▶ _PROBLEM TO WORK ON_
The required output is an exact copy of the lines from the one containing "Roger Vivier - Viv" through the end of the entries below, with pictures removed.

(Short web captions)

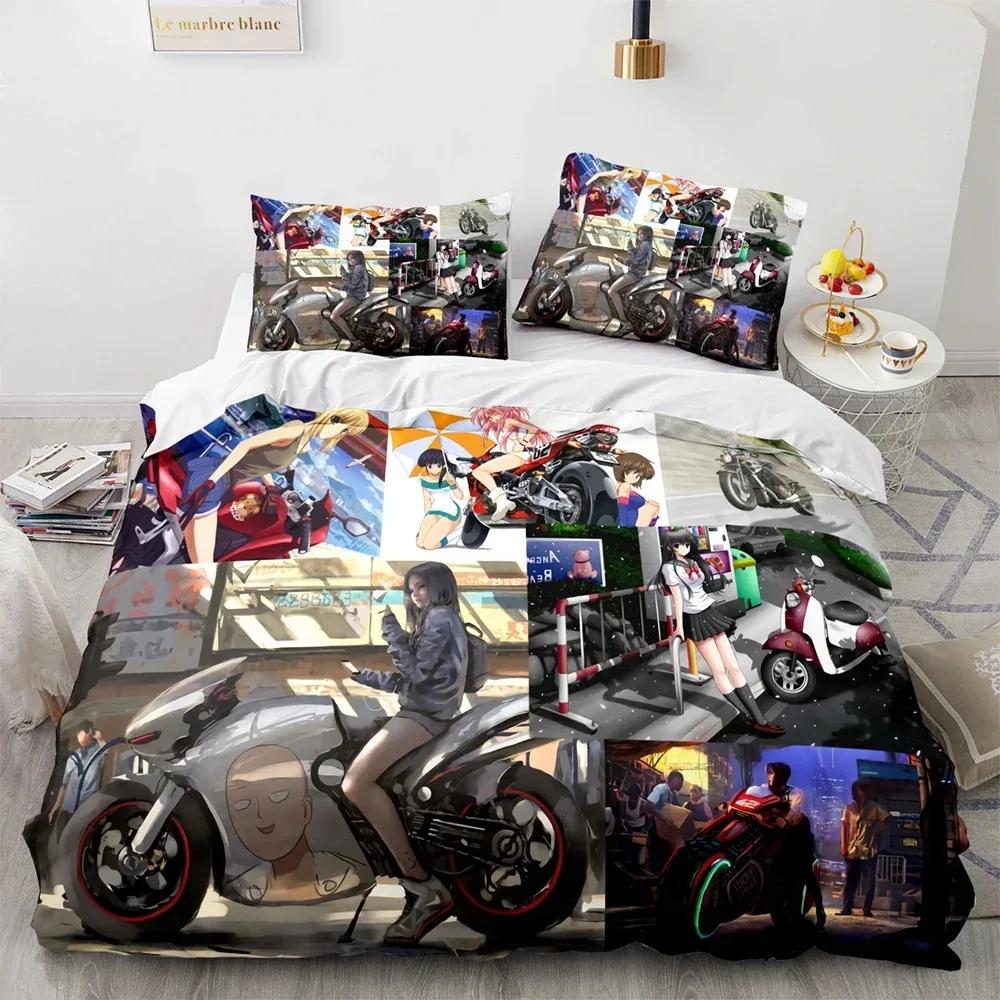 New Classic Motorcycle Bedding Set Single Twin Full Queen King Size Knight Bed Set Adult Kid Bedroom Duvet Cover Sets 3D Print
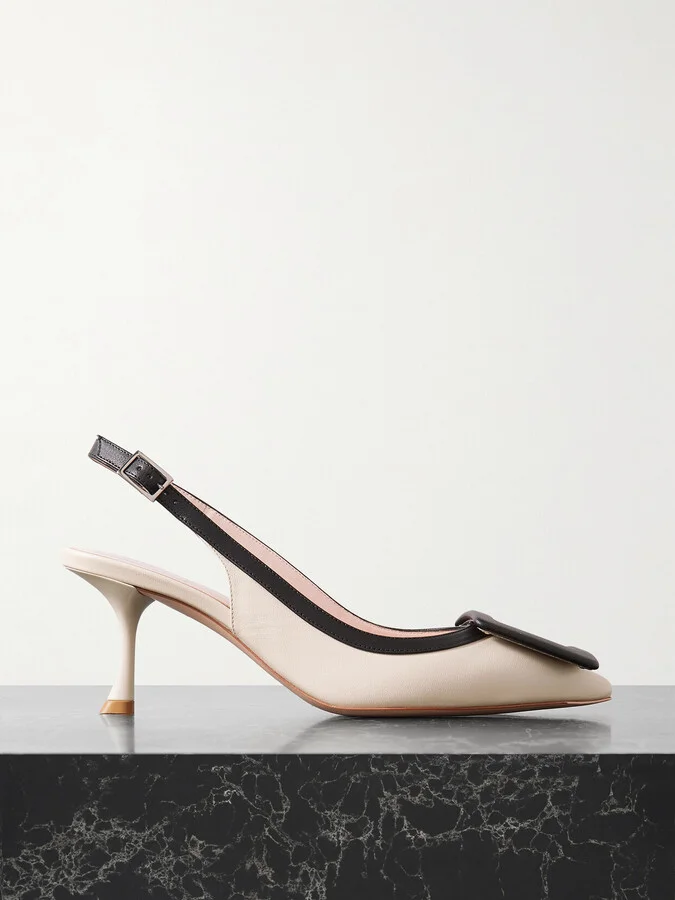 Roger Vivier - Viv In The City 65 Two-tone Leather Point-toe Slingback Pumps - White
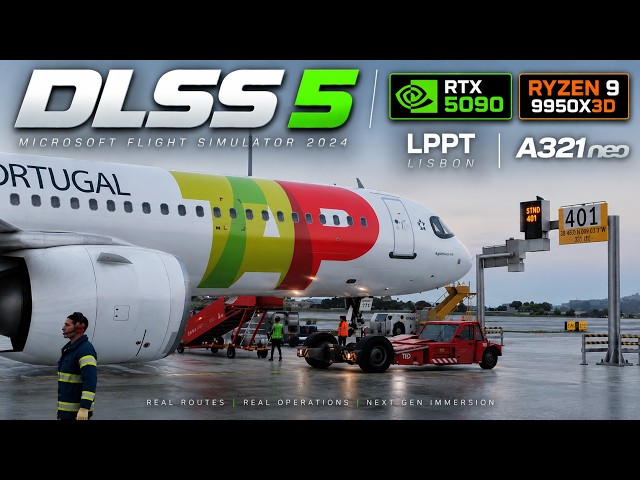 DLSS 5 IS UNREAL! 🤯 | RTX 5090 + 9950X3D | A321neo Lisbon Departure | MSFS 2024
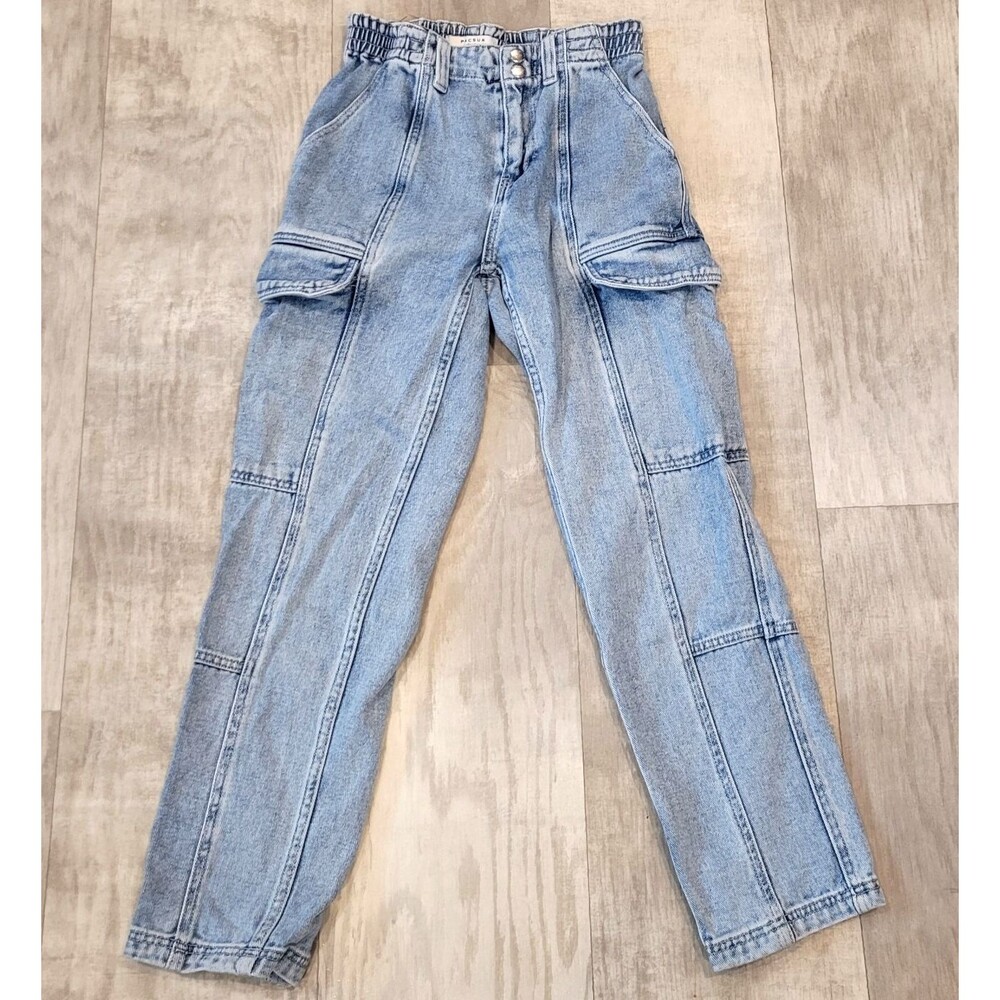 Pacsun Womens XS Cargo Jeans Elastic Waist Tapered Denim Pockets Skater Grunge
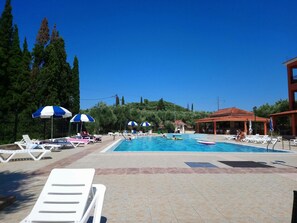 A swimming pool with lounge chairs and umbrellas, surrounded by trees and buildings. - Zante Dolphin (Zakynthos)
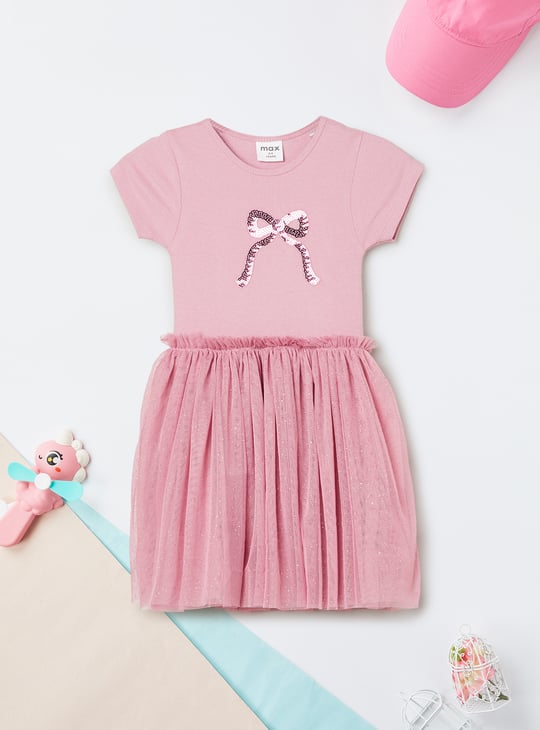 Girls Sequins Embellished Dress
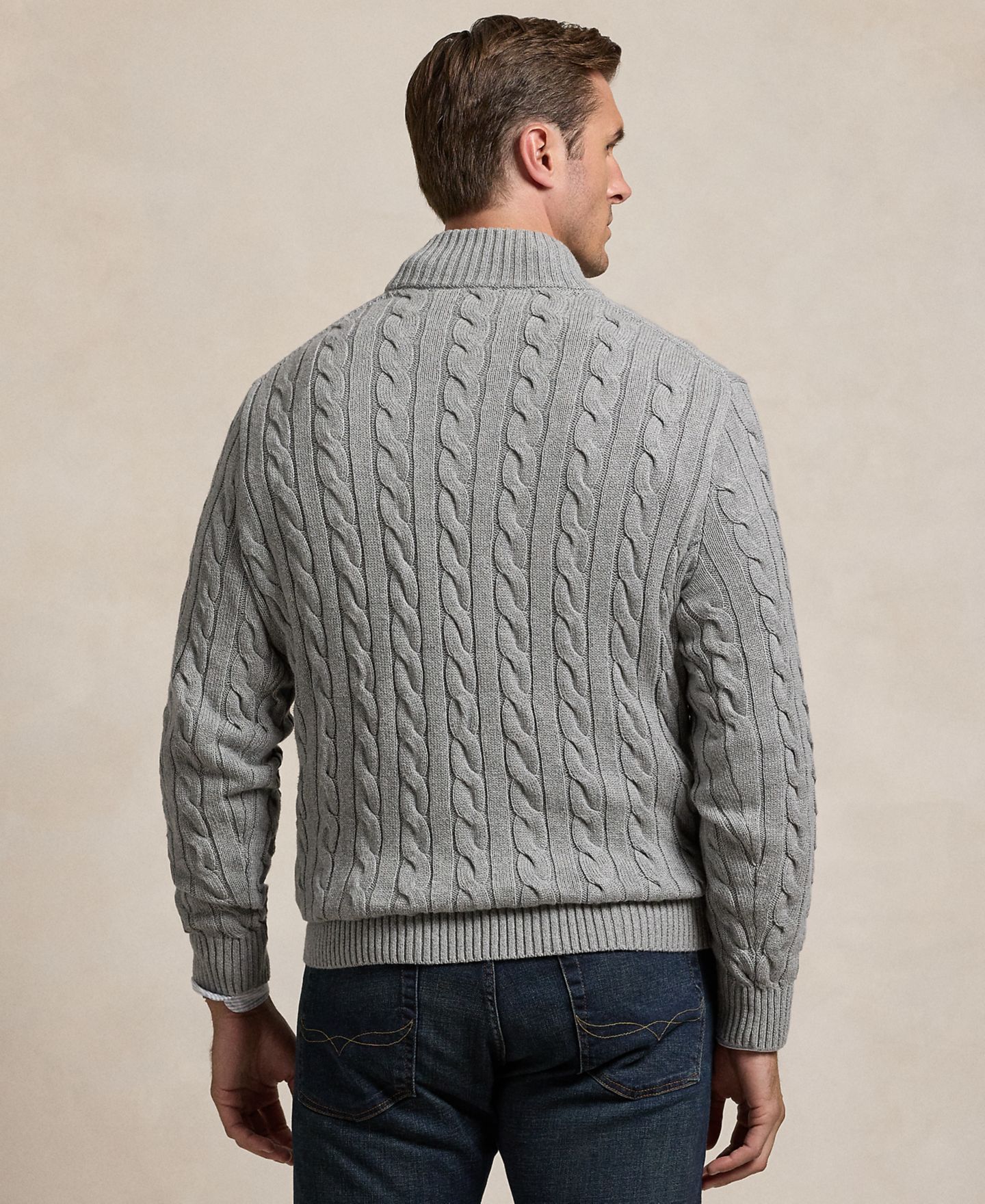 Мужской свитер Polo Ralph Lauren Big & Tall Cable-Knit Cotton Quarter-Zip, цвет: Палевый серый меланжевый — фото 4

▶ _ANSWER_
 Roger Vivier - Viv In The City 65 Two-tone Leather Point-toe Slingback Pumps - White
 DLSS 5 IS UNREAL! 🤯 | RTX 5090 + 9950X3D | A321neo Lisbon Departure | MSFS 2024
 Pacsun Womens XS Cargo Jeans Elastic Waist Tapered Denim Pockets Skater Grunge
 A swimming pool with lounge chairs and umbrellas, surrounded by trees and buildings. - Zante Dolphin (Zakynthos)
 Girls Sequins Embellished Dress
 Мужской свитер Polo Ralph Lauren Big & Tall Cable-Knit Cotton Quarter-Zip, цвет: Палевый серый меланжевый — фото 4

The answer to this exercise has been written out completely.